• [INPUT MATERIAL]
◇ ◇ ◇
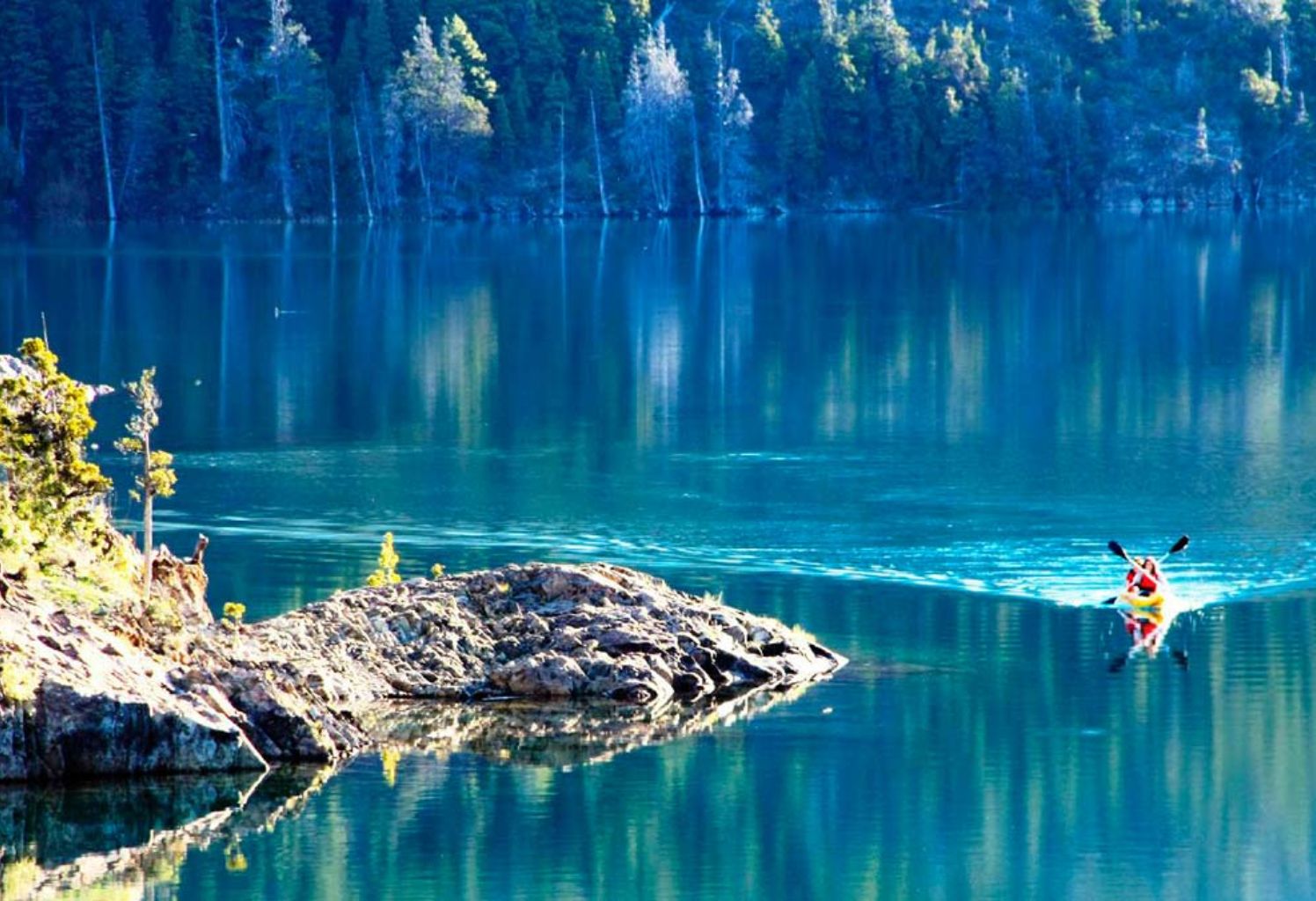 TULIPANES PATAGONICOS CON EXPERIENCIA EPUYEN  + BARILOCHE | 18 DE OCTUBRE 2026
◇ ◇ ◇
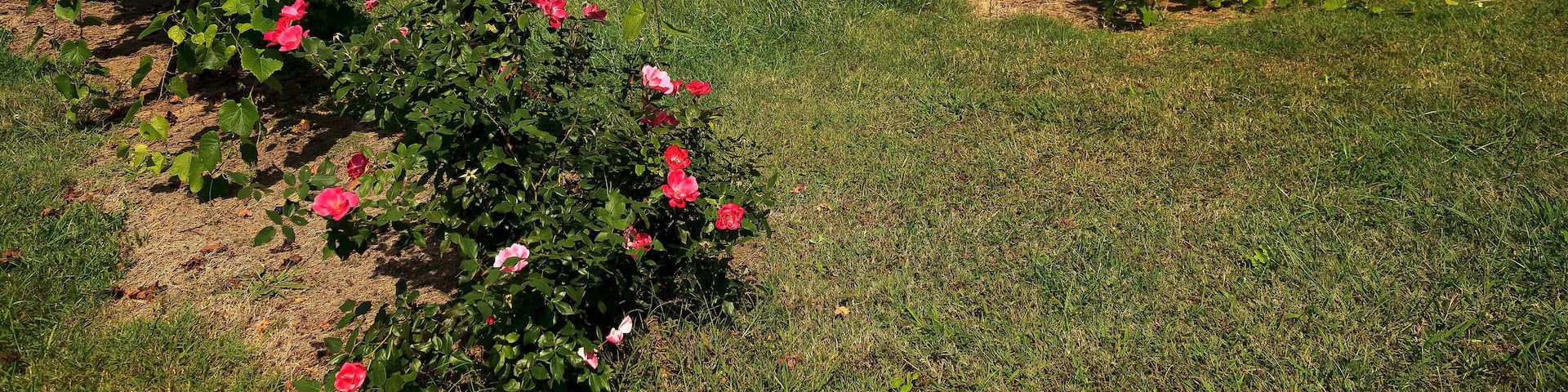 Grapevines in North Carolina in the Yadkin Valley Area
◇ ◇ ◇
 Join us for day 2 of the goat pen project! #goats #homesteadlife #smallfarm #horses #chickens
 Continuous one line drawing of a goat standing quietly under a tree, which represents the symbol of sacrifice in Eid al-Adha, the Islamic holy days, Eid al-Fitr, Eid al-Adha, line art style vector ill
◇ ◇ ◇
• [WORK REQUIRED]
How many lines of the data include the word "goat"? Reply with the number and nothing else.

• [SOLVED PROBLEM]
2